William Cook, born William Whalley, known as Billy Cook (16 January 1882 – 18 December 1947), was an English footballer and cricketer.

==Football career==
After impressing in junior football, Billy was signed as a professional by Preston North End in February 1902. He was released at the end of the 1901–02 season without having made a first team appearance, and for the next six years played for teams in the Lancashire Combination. In February 1908 he was transferred from Rossendale United to Oldham Athletic for £200, and in the following years he established himself as a hard tackling full back, with Oldham rising to challenge for honours in the First Division. He played in the seasons up to the First World War, and was able to retain his place when domestic football resumed in the 1919–20 season. In November 1919 he was chosen to play for the Football League against the Irish League, but in this game he was unlucky to receive an injury. After several weeks out he was able to return to play for Oldham, but the 1919–20 season proved to be his last in senior football. He retired having played 171 league and cup games for Oldham scoring 16 goals (13 being penalties).

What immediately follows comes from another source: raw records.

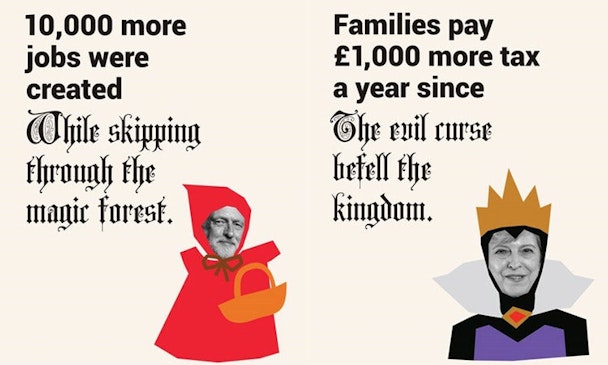 Theresa May becomes the evil queen and Boris Johnson as a fire breathing dragon in a political reforms ad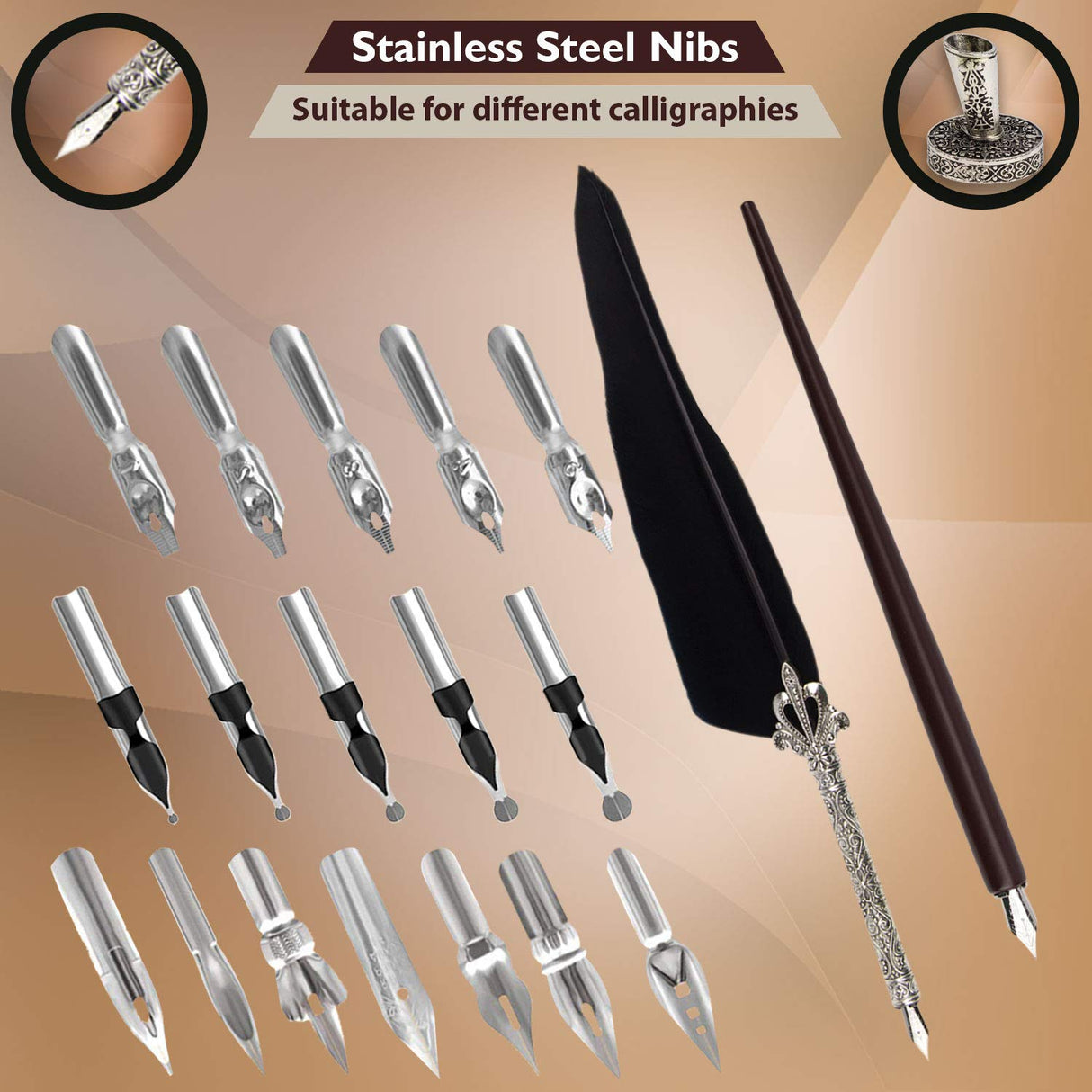 Trustela Calligraphy Set for Beginners, Wooden Dip Pen, Feather Quill, 19 Nibs, Ink Set, Gift Box Trustela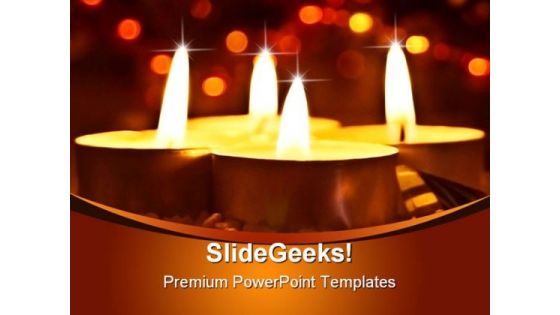 Candles Beauty Religion PowerPoint Template 1010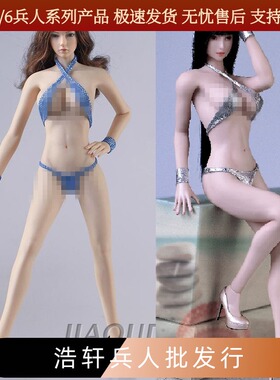 现货1/6兵人女服装 银色 蓝色比基尼 内衣 胸衣 适岚PH包胶女素体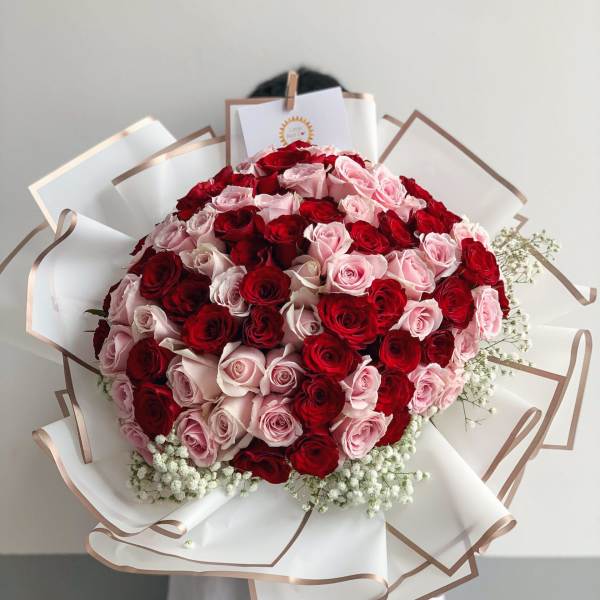 Large bouquet of red and pink roses wrapped in white paper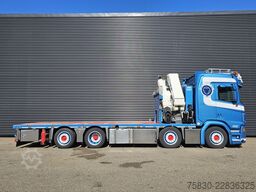 Scania R520 V8 8x2/6 / HMF 70 tm + JUMBO AANHANGER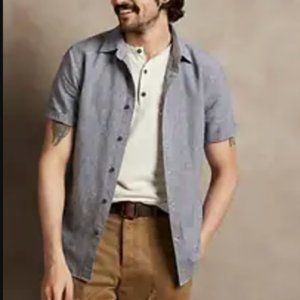 Banana Republic Slim Linen-blend Shirt navy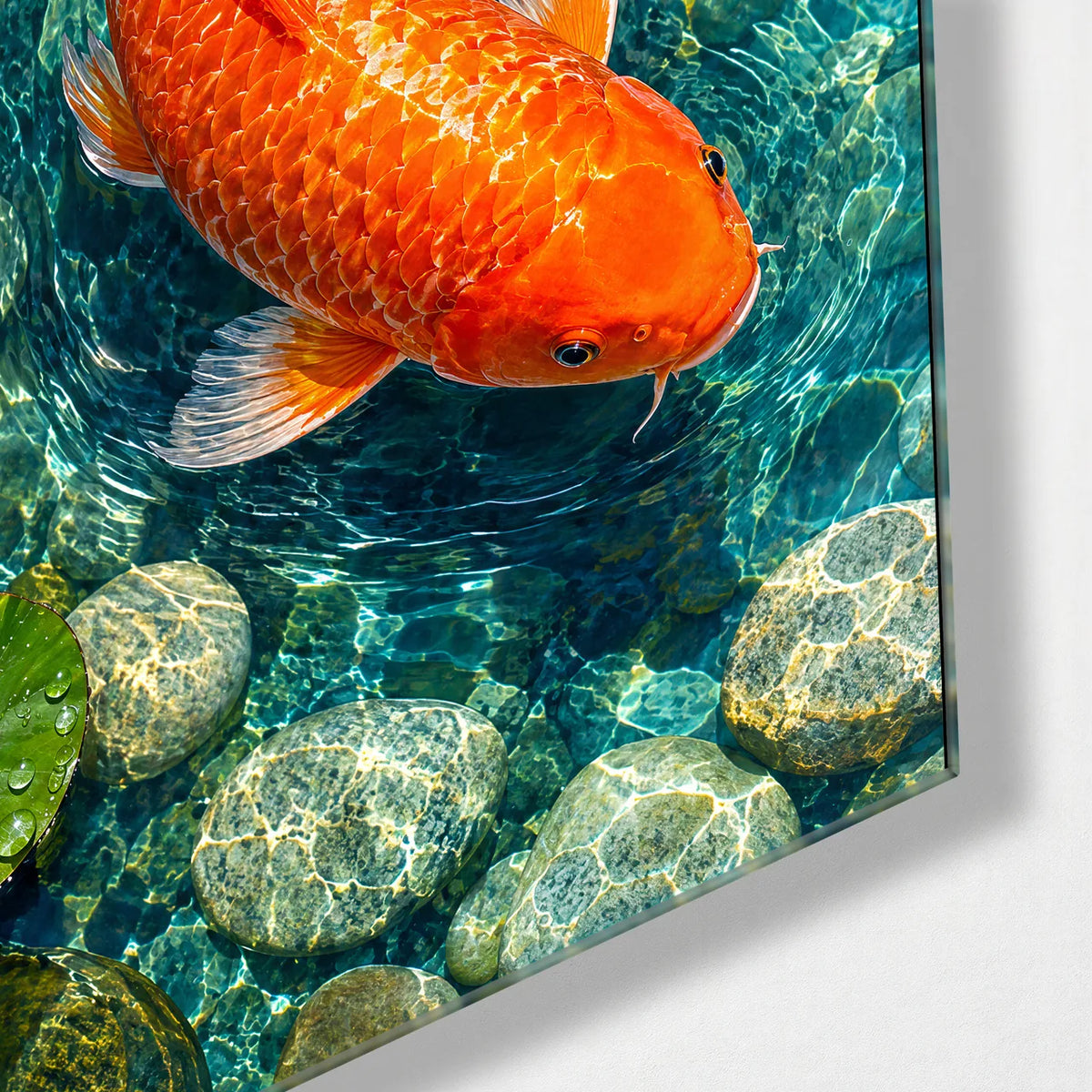 Koi Circle Duo — corner detail of one glass panel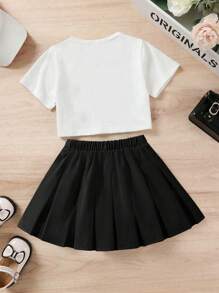 2pcs/Set Tween Girl Chicago 19 Print Round Neck Short Sleeve T-Shirt & Pleated Skirt Outfit, Spring/Summer - Multicolor - View 4
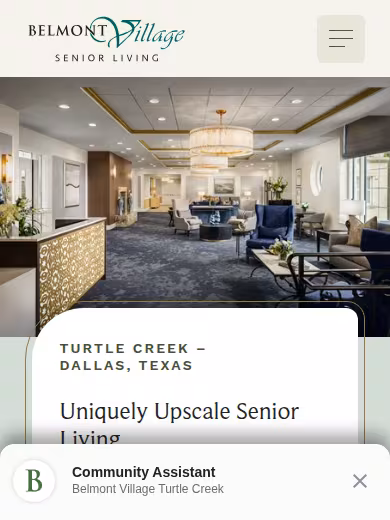 Belmont Village Senior Living Turtle Creek website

A lively character his football career was not without controversy. In April 1915 he was sent off in a game at Middlesbrough. Convinced that he was innocent he refused to leave the pitch, with the referee having no option but to abandon the game with over 30 minutes still remaining. The Football Association came down heavily on him, and he was subsequently suspended from playing any football for the next twelve months.

==Cricket career==
Billy had a lengthy cricket career, playing at a high standard of competitive cricket for over 30 years. He first came to notice with Penwortham Cricket Club, and while still in his teens he was engaged as a professional by Rossall College. In the early 1900s he gained a fine reputation as a fast bowler playing for Preston Cricket Club, and in 1904 he became a professional with Lancashire League team Enfield. He was then taken on by Lancashire County Cricket Club, and in July 1905 on his first class debut for Lancashire against Gloucestershire he took 11 wickets for 118 runs. Despite this impressive start, he failed to establish a regular place and made the decision to concentrate on playing as a professional in the Lancashire League. He was highly successful as the professional with Burnley from 1906 to 1915, with them being Lancashire League champions on four occasions. He later had spells as a professional with Lowerhouse, Burnley (again), Royton, Enfield (again), and Colne. After finishing as a professional he played as an amateur for Read Cricket Club and then for Burnley (a third spell). All told he played in over 500 Lancashire League games and as a bowler claimed almost 2000 wickets. He later did some coaching back at Preston Cricket Club, and in 1940 he became the groundsman at Burnley.

==Personal life==
Born William Whalley, he was listed under this name in both the 1891 United Kingdom Census and the 1901 United Kingdom Census returns. However throughout his professional career as a footballer and cricketer he was always referred to as having the surname Cook.

His father was the Preston Cricket Club groundsman for over 20 years, and Billy was one of four brothers to play cricket professionally, the most famous of his brothers being Lol Cook, who was also a cricketer footballer and who had a lengthy career with Lancashire County Cricket Club.